Are you giving the three elements of the Old Testament blessing to your child? Have you received them from your parents? Either way, read Smalley and Trent’s book. They give wonderful insights into how to do a good job of bestowing the blessing, and how to handle the pain of not receiving the blessing.

Eph. 6:4f “. . .of the Lord.”

In raising children, parents should clearly set before their minds the object and goal of their efforts. All is to be “of the Lord.” In the Christian home, God should be everywhere, omnipresent, omni-important. He is the end of all discipline and instruction. “Nurture and admonition” are learned from the Lord and administered for the Lord in order to direct children to the Lord.
“The very heart of Christian nurture is this: to bring the heart of the child to the heart of the Savior” (Hendriksen).

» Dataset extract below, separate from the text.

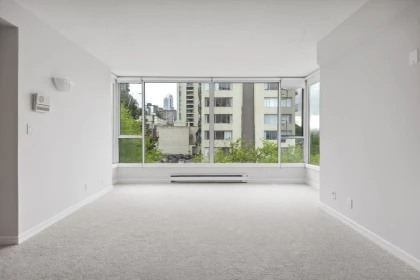 Mudroom Photo of 5A 1403 Beach Avenue, Vancouver, BC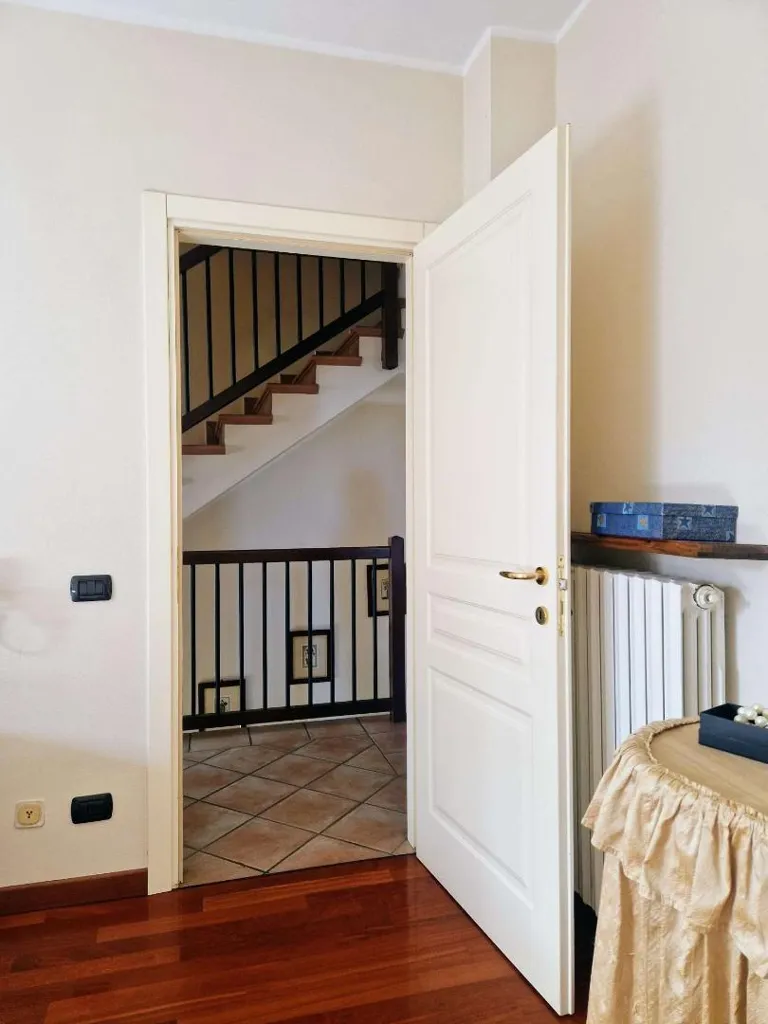 Ingresso - Corner Semi-Detached Villa with Garden in Rubiera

Children are gifts from God (PS 127:3) to be raised for God. Every Christian parent’s highest desire should be for their children to grow up and serve the Lord. This is more important than good health, educational feats, material prosperity, and social acceptance. All else we leave our children is useless if we fail to bring them up for the Lord.
The main responsibility for child-rearing lies in the home. Schools, day care centers, governments, and churches cannot raise children well. A church gives its all and best, but little can be done in the few hours we have a child each week. Ultimately, the task of raising children is assigned to parents.
Parents, do your best to try to mold and train your children for God. They can know, learn about, and serve “the Lord.” Jesus said, “Let the children alone, and do not hinder them from coming to Me” (MT 19:14a NASB).
Children are often more spiritual than adults. Our Master recognized this and gave the attitude of children an exalted place in His kingdom, saying, “The kingdom of heaven belongs to such as these” (MT 19:14b NASB).
When Jesus wanted to illustrate true spiritual greatness, He did not point to kings, dignitaries, apostles, or pastors. He rather “called a child to Himself and stood him in their midst” (see MT 18:1-4). Children are capable of genuine religious experience, and parents are to encourage them in this.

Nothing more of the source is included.